David Brooks has a 500,000-word essay in The Atlantic arguing that the American nuclear family — mom, dad, and a couple of kids — is a relatively recent invention and has been catastrophic for those who don’t live in the upper-middle class; in short, we need to find a new way to live … or go back to an old way.

In “The Nuclear Family Was a Mistake,” Brooks writes about the transition from the extended family to the nuclear family:

This is the story of our times—the story of the family, once a dense cluster of many siblings and extended kin, fragmenting into ever smaller and more fragile forms. The initial result of that fragmentation, the nuclear family, didn’t seem so bad. But then, because the nuclear family is so brittle, the fragmentation continued. In many sectors of society, nuclear families fragmented into single-parent families, single-parent families into chaotic families or no families.

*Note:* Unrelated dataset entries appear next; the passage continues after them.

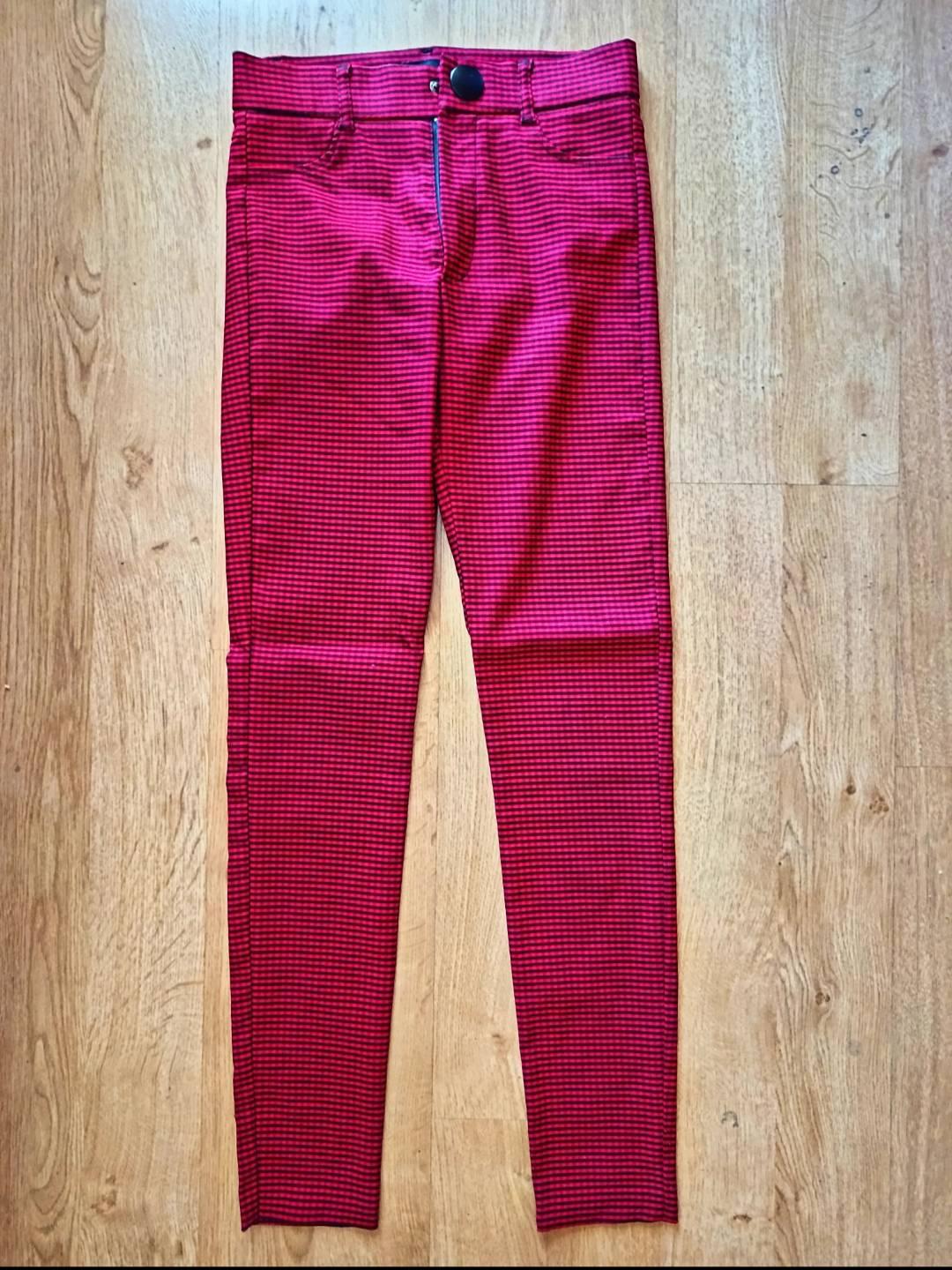 Slim-fit trousers with a small red and black check pattern, featuring a dark button at the waist, laid out on a light wooden floor.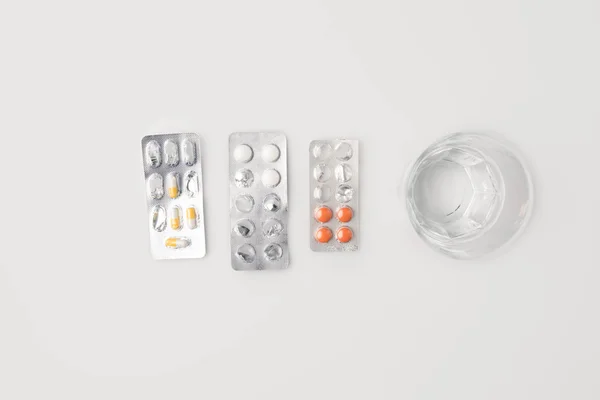 Blister packs with pills and  water — Stock Photo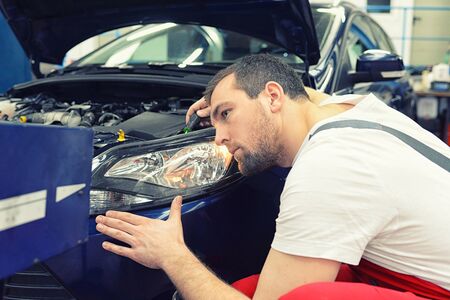 adjusting the headlights on the car by mechanics in a garageの写真素材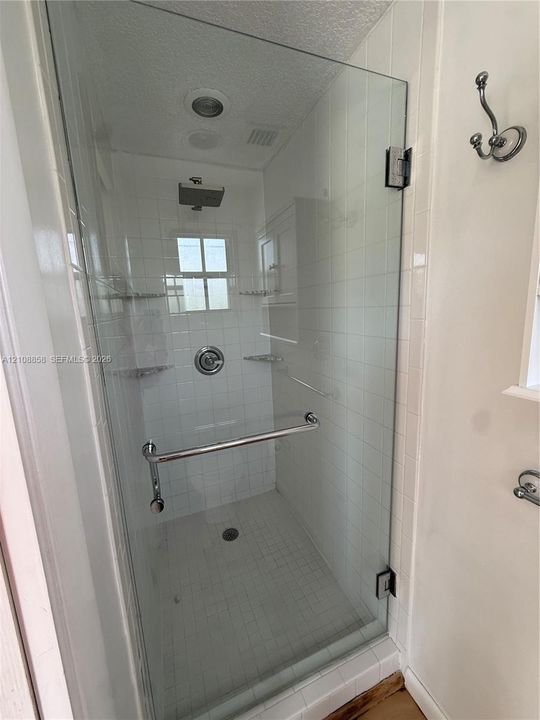 Walk-in shower featuring a frameless glass door, rain-style showerhead, tiled walls, built-in corner shelving, and a chrome towel bar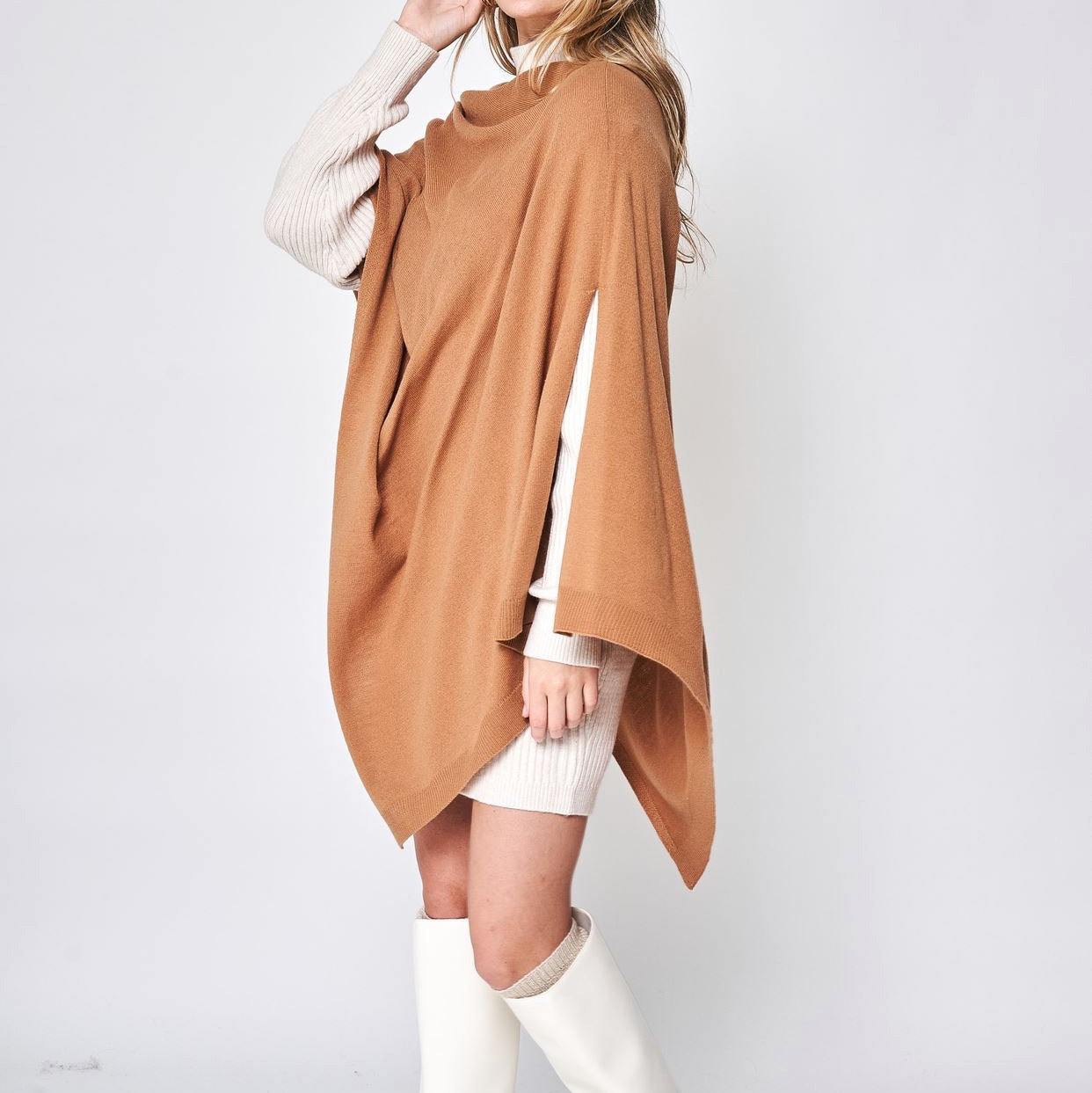 Someone wearing the Take With Me Travel Poncho by Ellison + Young with plaid pants against a plain white background.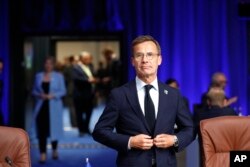 Perdana Menteri Swedia Ulf Kristersson mengancingkan jaketnya saat ia tiba untuk pertemuan meja bundar Dewan Atlantik Utara selama KTT NATO di Vilnius, Lithuania, Selasa, 11 Juli 2023. (AP/Mindaugas Kulbis)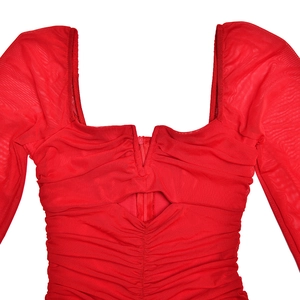 Detail of red mesh dress showing square neckline with front zipper and hollow-out design
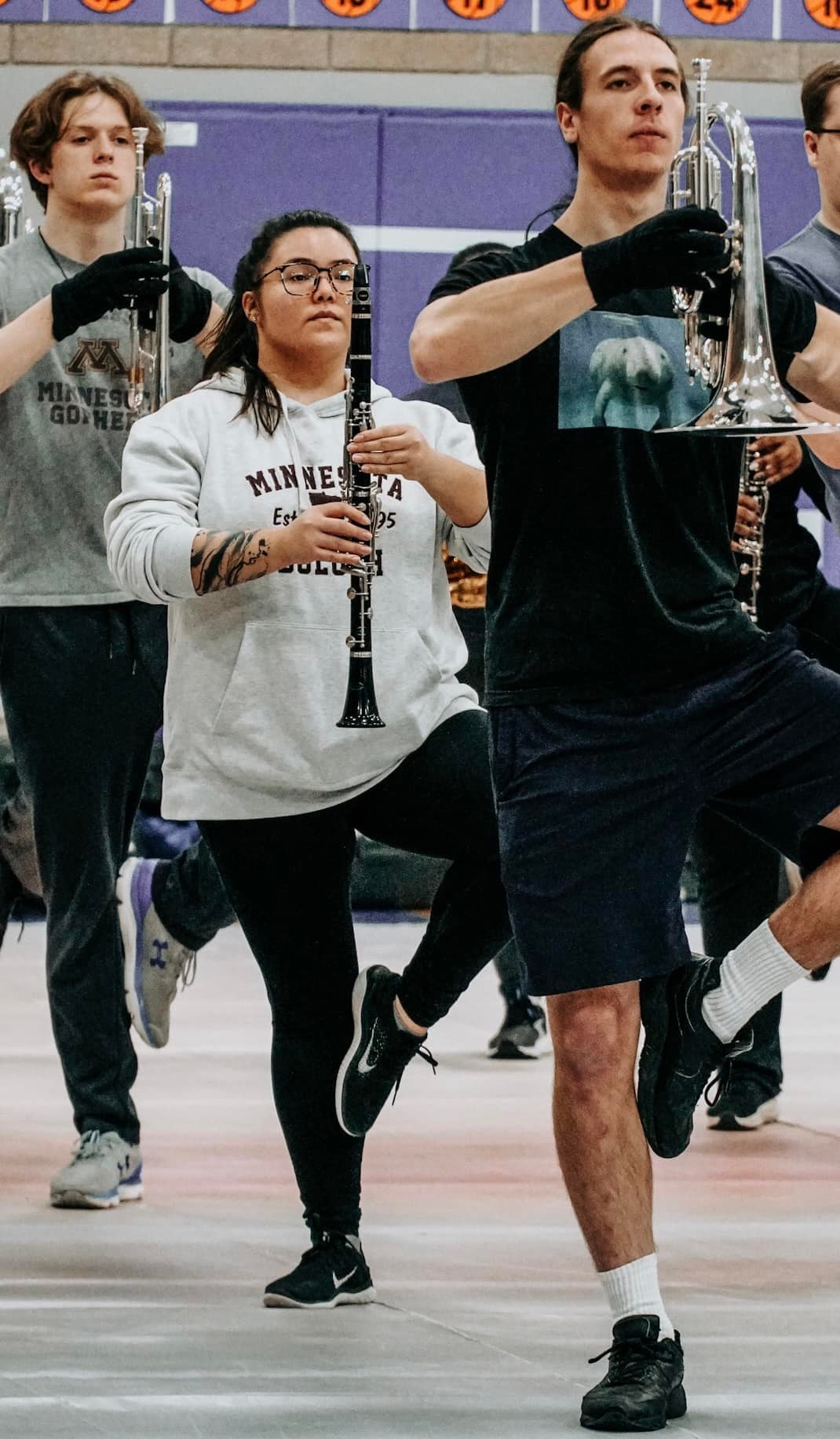 MBI Winds members marching in rehearsal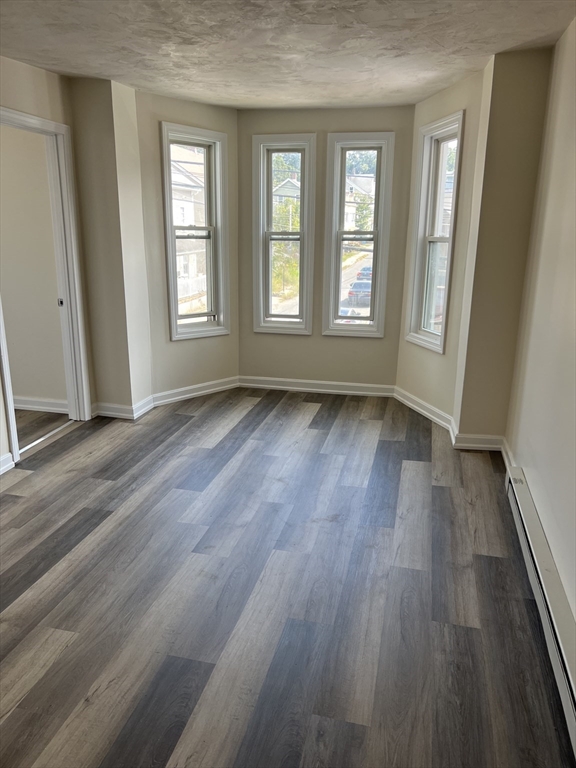 12 Aspen Street Ware, MA 01082 - Photo 11 of 17 a view of an empty room with wooden floor and a window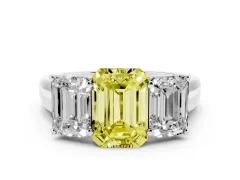 Fancy Yellow Emerald Cut Diamond Three-Stone Ring Set in Platinum with Plain Polished Band
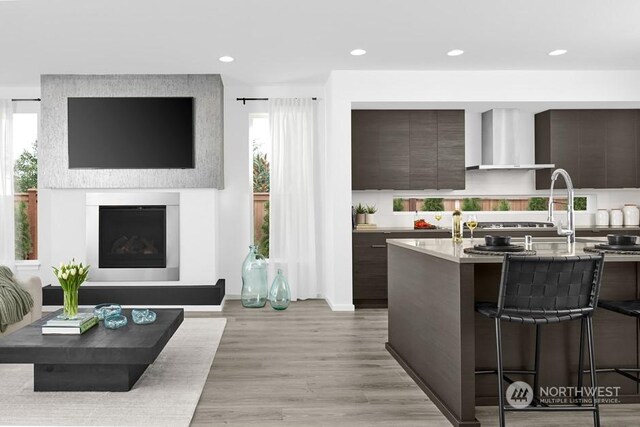 kitchen with dark brown cabinetry, a wealth of natural light, a breakfast bar, and wall chimney range hood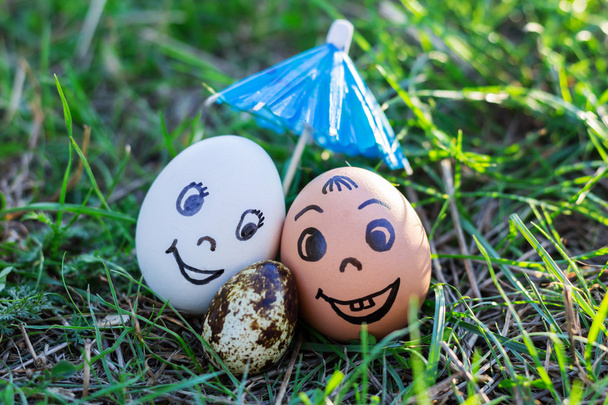 Funny eggs imitate smiling mixed couple with versicolored baby - Photo, Image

If you want to summarize the changes in family structure over the past century, the truest thing to say is this: We’ve made life freer for individuals and more unstable for families. We’ve made life better for adults but worse for children. We’ve moved from big, interconnected, and extended families, which helped protect the most vulnerable people in society from the shocks of life, to smaller, detached nuclear families (a married couple and their children), which give the most privileged people in society room to maximize their talents and expand their options. The shift from bigger and interconnected extended families to smaller and detached nuclear families ultimately led to a familial system that liberates the rich and ravages the working-class and the poor.

We notice how Brooks just managed to slip in there nuclear families fragmenting into single-parent families. Is the nuclear family so bad itself, or is it just the next closest step to a one-parent household?

After scrolling down for about a hour-and-a-half to figure out which family structure is ideal, we learn it’s the extended family: “This is a significant opportunity, a chance to thicken and broaden family relationships, a chance to allow more adults and children to live and grow under the loving gaze of a dozen pairs of eyes, and be caught, when they fall, by a dozen pairs of arms.”

Meanwhile, we’ve got others suggesting that young adults live in dormitories for grown-ups or that they move into PodShare housing, which just looks like a bunk bed with a TV at the foot of it and a shared kitchen and bathroom.

If the nuclear family living in its own home really is that bad, let’s not tell the millennials — they’re busy wondering what sort of house they’ll have in socialist America.

Believe it or not, Brooks actually mentions that in passing.